Vor fünf Jahren konnten die engagierten Winzer den renommierten Kellermeister Hartmann Dona für den Ausbau ihrer Piwi-Weine gewinnen. „Es sind spannende Rebsorten, die sehr variable Ausbaumethoden ermöglichen. Ich musste mich auch erst damit auseinandersetzen“, berichtet der erfahrene Kellermeister.
Zurzeit werden in Südtirol nur zwei Prozent Piwis angebaut und davon befinden sich mit 4,5 Hektar die meisten Flächen in Algund. „Ich empfinde es geradezu als verpflichtend, dass wir uns mit Piwis auseinandersetzen. Schließlich wurde in unserem Keller schon seit dem 12. oder 13. Jahrhundert Wein ausgebaut und das offizielle Dorfwappen von Algund mit der Weintraube deutet auf seine sehr lange Tradition im Weinbau hin“, sagt Josef Siller und führt fort: „Diese Gemeinde im Meraner Land kann sich aufgrund ihrer langen Reblandschafts-Tradition als eine der ältesten Weinbaugemeinden Südtirols bezeichnen“.

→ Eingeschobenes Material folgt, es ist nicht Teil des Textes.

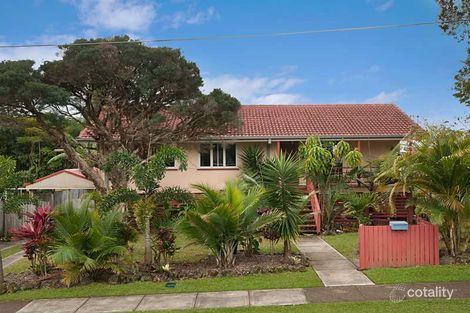Property photo of 16 Eucalyptus Avenue Varsity Lakes QLD 4227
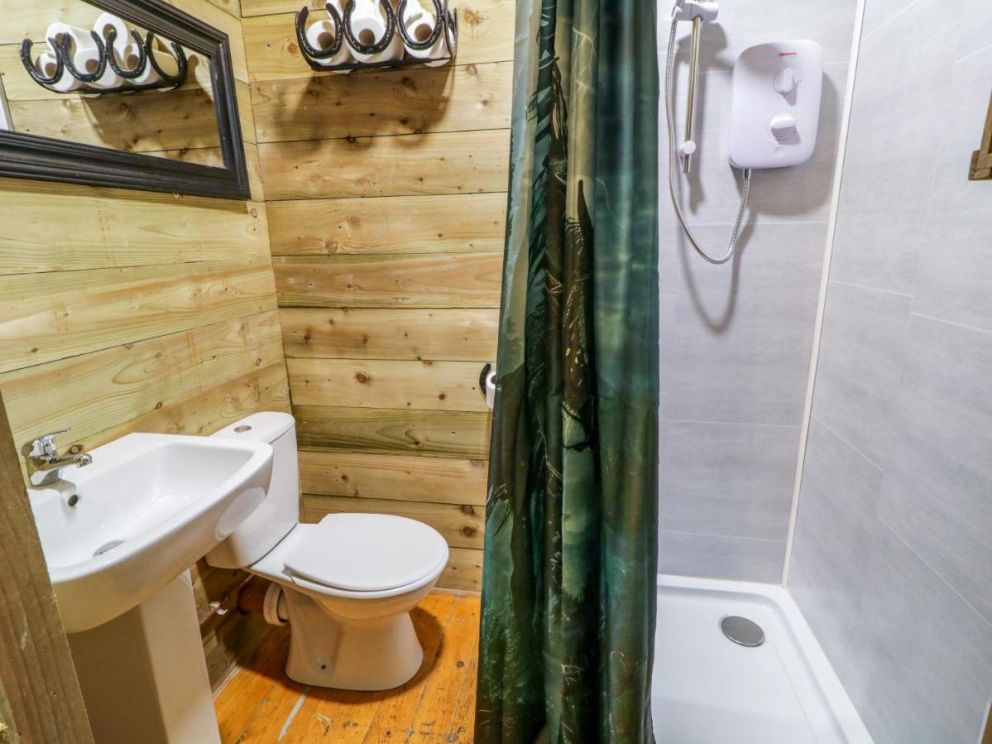 Blazzin Saddle Escapes Northern Ireland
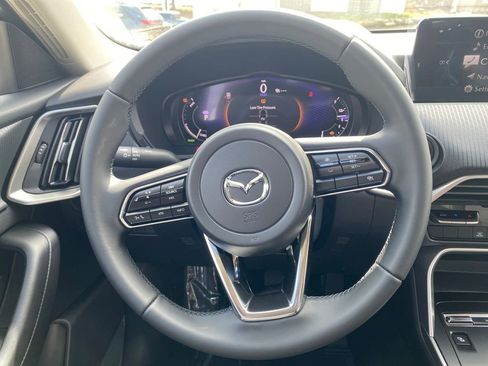 New 2026 MAZDA CX-70 SC image 27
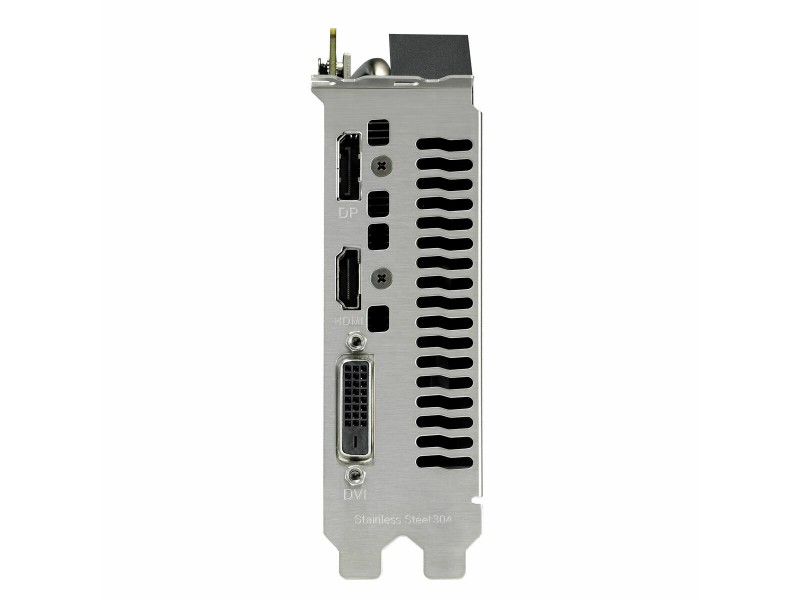 Графична карта Asus Nvidia GeForce RTX 3050 8 GB GDDR6 NaN –  BB Графични карти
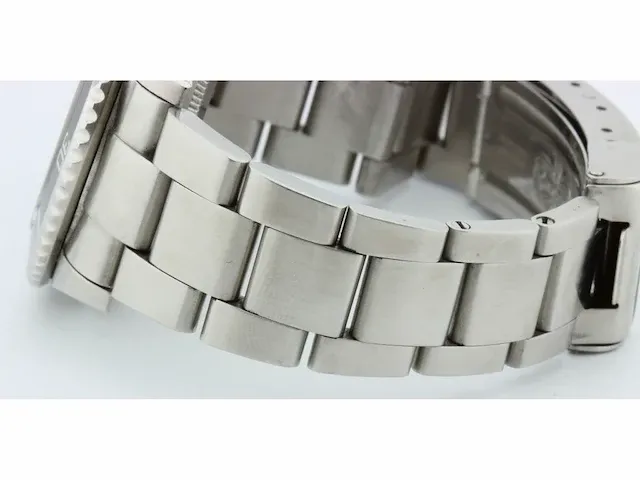 Rolex submariner 2006 no holes - afbeelding 10 van  17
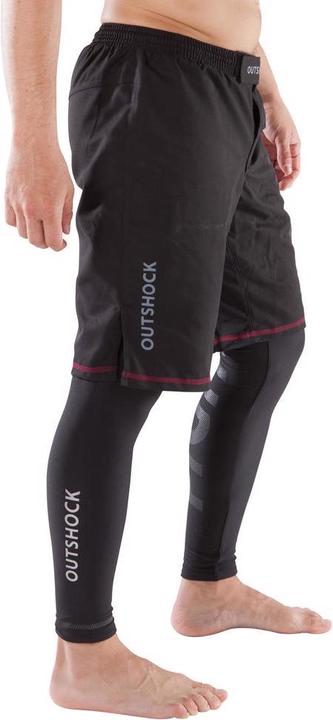 Produktbild Outshock FS500 (S)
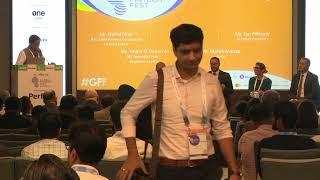 Remittance: Conquering Cross-Border Challenges I Global Fintech Fest 2024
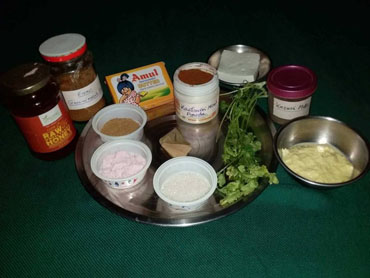 Recipe of Paneer Butter Masala - How to Make Paneer Butter Masala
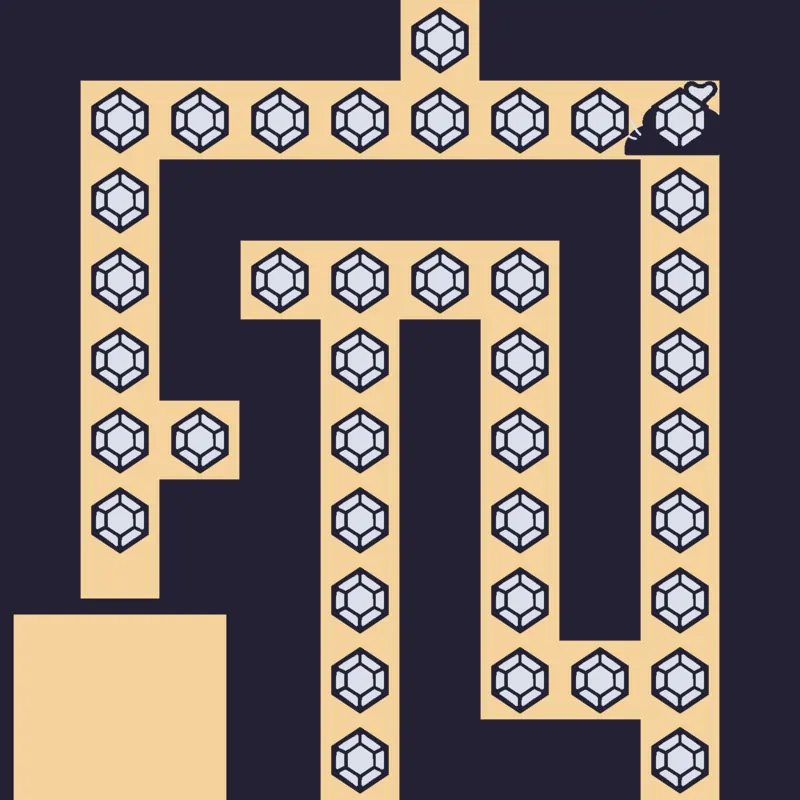 Game by @ARCTICWOLF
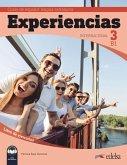 Experiencias Internacional 3 Curso de Español Lengua Extranjera B1. Libro de ejercicios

Die vier Winzer vom Kapellgut (Franz Mair), dem Platterhof (Martin Ennemoser), dem Brunnermoar Hof (Ulrich Gamper) und dem Weingut Huber unterm Baum (Josef Siller) möchten die Einfachheit betonen und verstärkt auf reduzierten chemischen Pflanzenschutz, Nachhaltigkeit sowie Umweltverträglichkeit setzen. Das Kapellgut, das sich im Herzen von Algund befindet, ist ein Apfel- und Weinbauernhof. Die Trauben wachsen buchstäblich vor der Haustür, und hier wird Weinbau am Hof in seiner reinsten Form praktiziert.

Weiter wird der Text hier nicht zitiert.